Hiding a Subreport: High reliability == single point of failure?

I am trying to learn about high-reliability clusters (for IIS and Sql in my
case) but there is a fundamental thing I don't understand about the approach
that keeps me from swallowing the high-reliability kool-aid:
Currently, I have a "non-high-reliability" (low-reliability?) system --
i.e., one server that handles IIS, Sql, and data store all at once. This
server uses RAID 1 and has redundant power supplies. Let's assume that the
probability of catastrophic failure of this server is P.
Now I move to a high-reliability solution. Microsoft suggests at least two
machines handling IIS in an active/active configuration, two machines
handling Sql in an active/passive configuration, and one SAN-style data
store running RAID 1 (at minimum) with redundant power supplies. For the
sake of argument, let's assume that all five of these new boxes have similar
complexity both to each other and to the server in my original
low-reliability system, and therefore that the probability of individual
failure of any of these servers is also P.
The weakness of my original low-reliability system is that there is a single
point of failure (the server) which may fail catastrophically with
probability P. But my new high-reliability system also has a single point of
failure (the storage disk array) which also may fail catastrophically with
probability P. What exactly have I gained?
Michael Carr
Most SAN storage arrays have multiple controllers, multiple SAN switches
and multiple disks configured in a redundant RAID array.
Therefore, for your storage array to completely fail, you would need
multiple components of it to fail in order for you to completely lose it.
So, in your example, although the storage array may seem a single point of
failure, due to its redundant nature, it is far less likely to fail
completely than any of your other components.
HTH
Lee
"Michael Carr" <mcarr@.umich.edu> wrote in message
news:uX2oCtewFHA.2792@.tk2msftngp13.phx.gbl...
>I am trying to learn about high-reliability clusters (for IIS and Sql in my
>case) but there is a fundamental thing I don't understand about the
>approach that keeps me from swallowing the high-reliability kool-aid:
> Currently, I have a "non-high-reliability" (low-reliability?) system --
> i.e., one server that handles IIS, Sql, and data store all at once.

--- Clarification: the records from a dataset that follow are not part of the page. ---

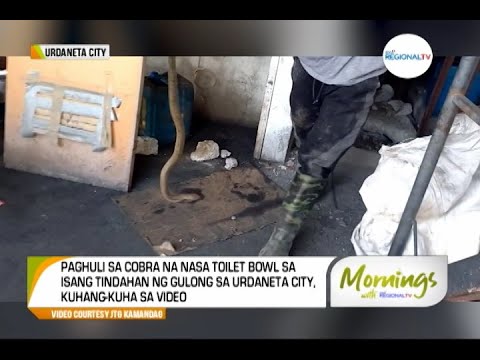 Mornings with GMA Regional TV: Paghuli sa Cobra, Sapul sa Video
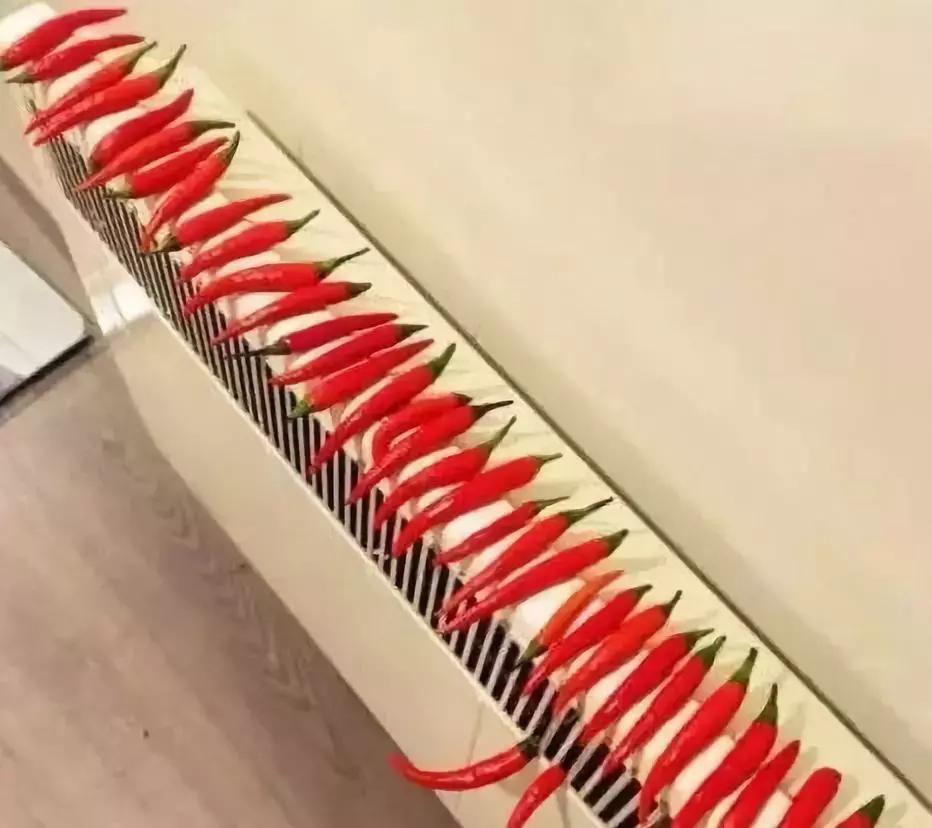 给干枯的身体洒水,给肌肤补充水分让皮肤放松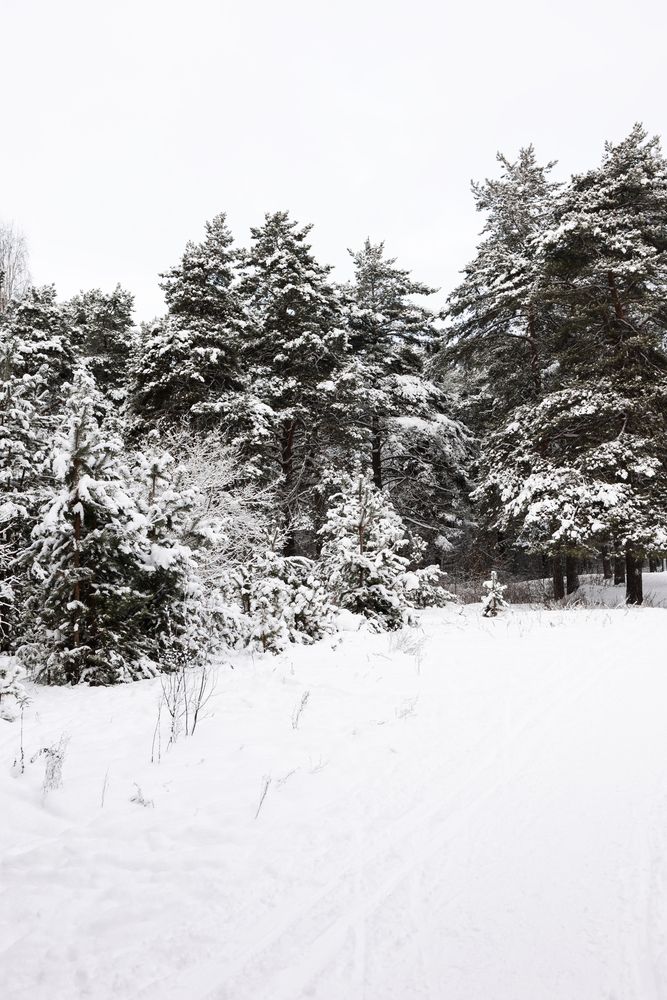 Photograph by Юлия Шевцова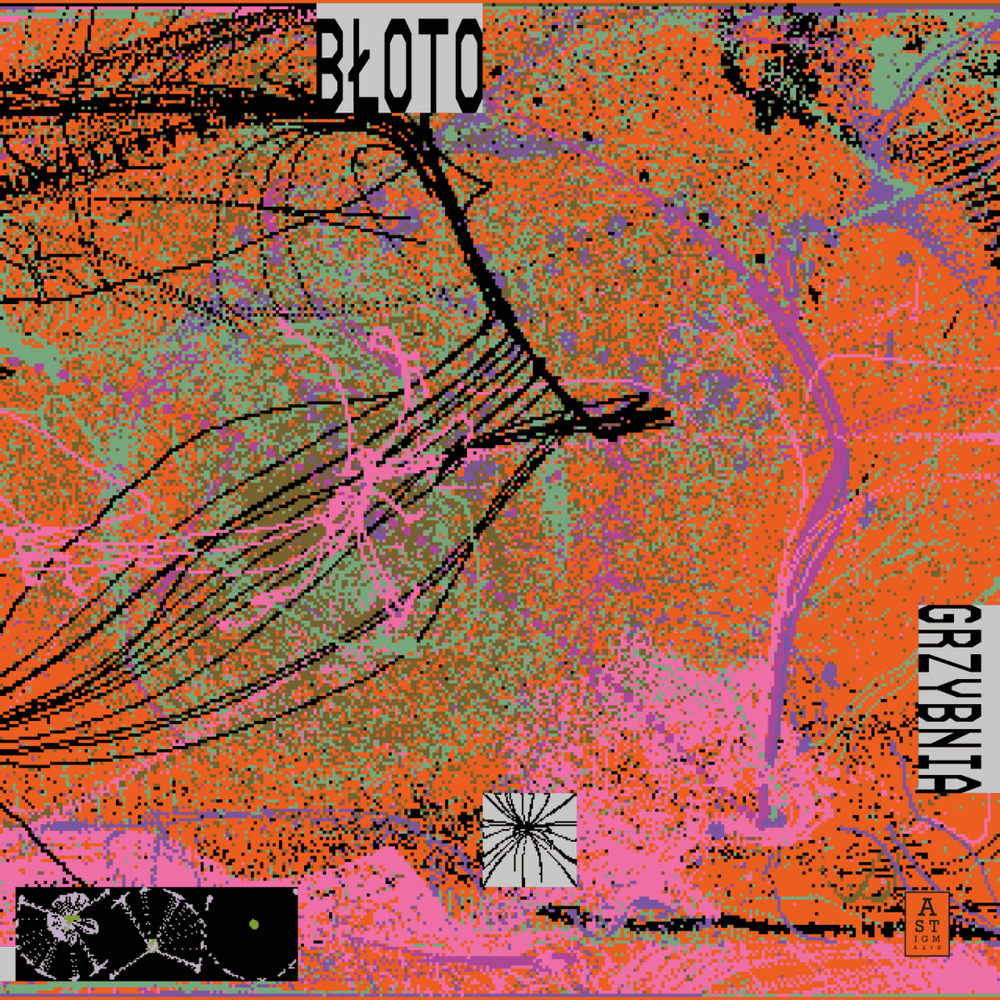 Bloto - Grzybnia Vinyl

This
> server uses RAID 1 and has redundant power supplies. Let's assume that the
> probability of catastrophic failure of this server is P.
> Now I move to a high-reliability solution. Microsoft suggests at least two
> machines handling IIS in an active/active configuration, two machines
> handling Sql in an active/passive configuration, and one SAN-style data
> store running RAID 1 (at minimum) with redundant power supplies. For the
> sake of argument, let's assume that all five of these new boxes have
> similar complexity both to each other and to the server in my original
> low-reliability system, and therefore that the probability of individual
> failure of any of these servers is also P.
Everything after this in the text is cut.